My 3 kids are more likely today to marry someone from overseas, of a different language and nationality, than my grandparents were.   I married "off continent" and it has been splendid.   If Apple wants most of their product to be made by Foxconn in China, and that causes Chinese to be less "starving and diseased" than they were described when I was growing up, I'm willing to buy a cheaper car or eat out less.  Africans are moving from the mountainsides and savannah to the cities, Chinese are moving from the rural West to the Urban East, and Indonesia is growing skyscrapers on viagra.  The average wealth per capita is growing faster than it has ever grown, and our task is to shepherd (steward) natural resources and habitats so that what is good for mankind doesn't become bad for every other species save rats and houseflies.

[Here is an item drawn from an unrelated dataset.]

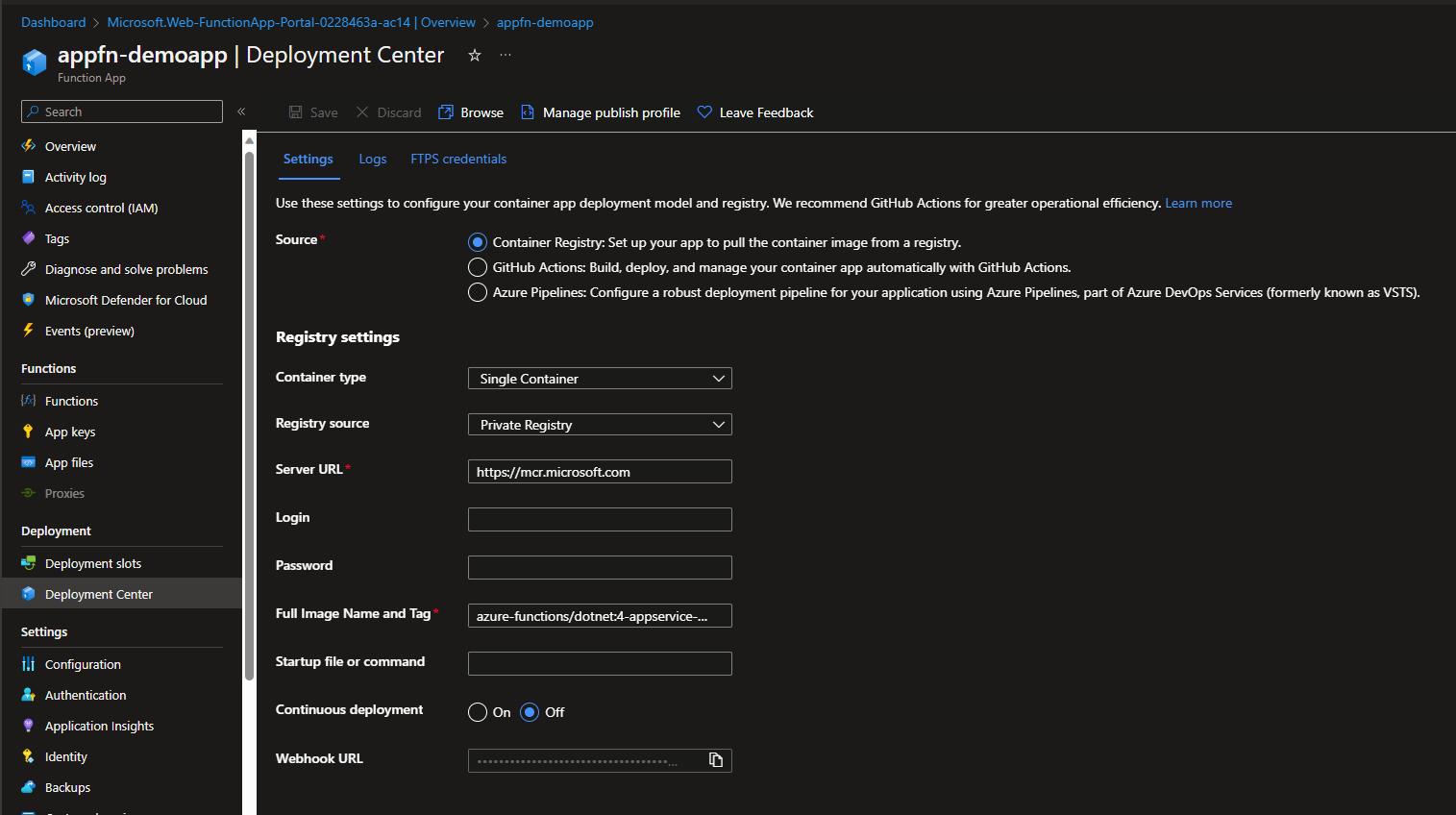 Azure Function Deployment Center for container app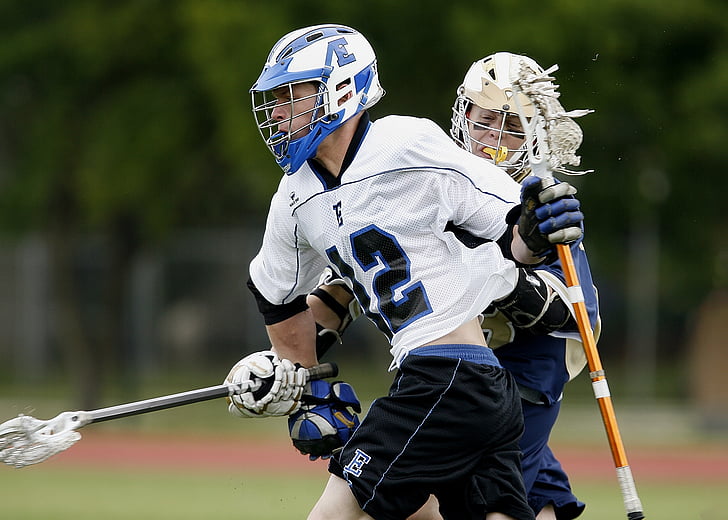 lacrosse, player, sport, stick, game, playing, helmet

The stack flow above depicts the 590 most populated cities sorted column by column by their population between 1950 and 2010, in 5 year intervals, and projected for 2015,2020,2025. You can rollover shapes in order to highlight individual cities and see how their population changed through time compared to the others. Each column is normalized to the total population in all surveyed cities, so what you can see for each city at each year is its position among the other cities and their population in terms of proportion. The data covers cities and other urban areas with more than 750,000 people. 

Kareem Abdul-Jabbar changed his name from Ferdinand Lewis Alcindor, Jr. when I was a boy, as Cassius Clay had changed his name to Muhammed Ali.  Multi-culturalism is here to stay.